“Weeping may linger for the night,
but joy comes with the morning.”
A few of the things that have never failed to bring me joy are:
~ groups of noisy chirping birds that I can’t find
~ being a back up alto for James Taylor
~ staring at old photos
~ reaching the end of a good novel
~ waking up before anyone else
I like to write.
And now, I like to make friends with other writers. Many of them are being nice right back to me.
Your best writing reflects your genuine heart.
That hasn’t been my experience with all artists, and I am lucky enough to have friends of each variety: actors, musicians, potters, photographers, dancers…
I’m sure that after some thought I would figure out that one type of artist isn’t more generous than the next. People are just who they are when it really comes down to it all.
But, I’m starting to wonder if part of the reason I am really starting to enjoy writing is that it is like theater. Unless it’s a grocery list, there needs to be an audience for most writing worth the work. So, having the confidence to either ask or give feedback is not that different from having the confidence to hit the stage and find out that the audience either loves or doesn’t love the performance.
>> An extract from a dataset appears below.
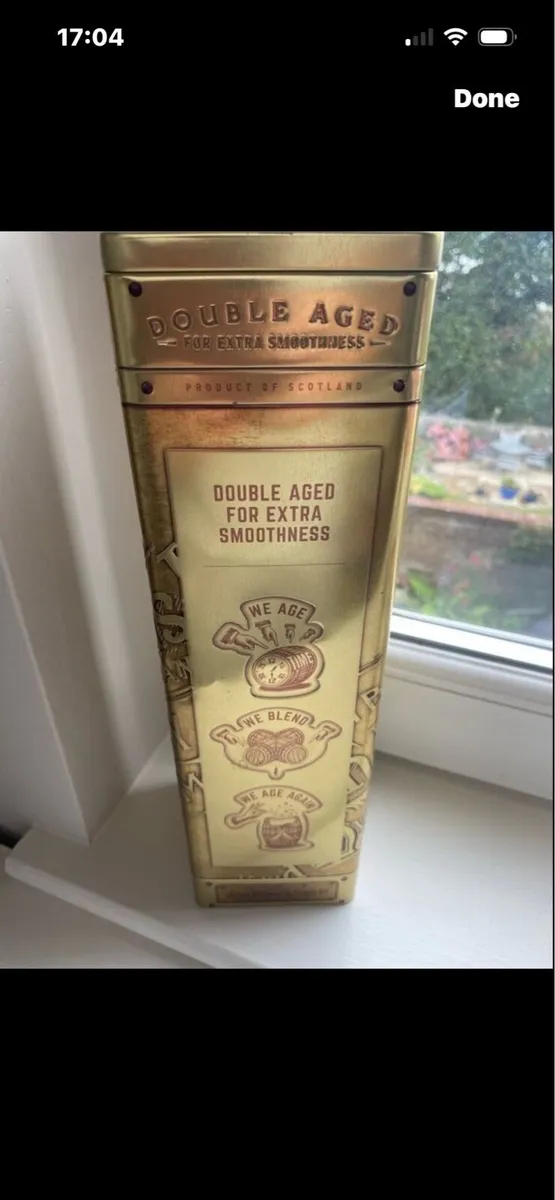 Dewars 15 yrs aged Metal Box - Image 4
With that thought, I’m now remembering how during those theater days of my childhood until early adulthood, experiencing joy was as easy as saying yes to my sons when they ask to play in the rain.
What did I have to lose after all of those hours of rehearsal? Not much. Most things were fun, exactly for the sake of being fun.
Joy doesn’t always come easily.
I guess that is what I’m trying to say. Life is full of complex and tough stuff.
Some days and life stages can seem like a sad night that will never, ever end.
And other times, can be as light as the photo of my friends who found a water fountain amidst the heat wave last week.
These are my thoughts this morning, and guess what? The sun is up, the birds are making a racket outside, and (shh), I have a few more minutes to myself.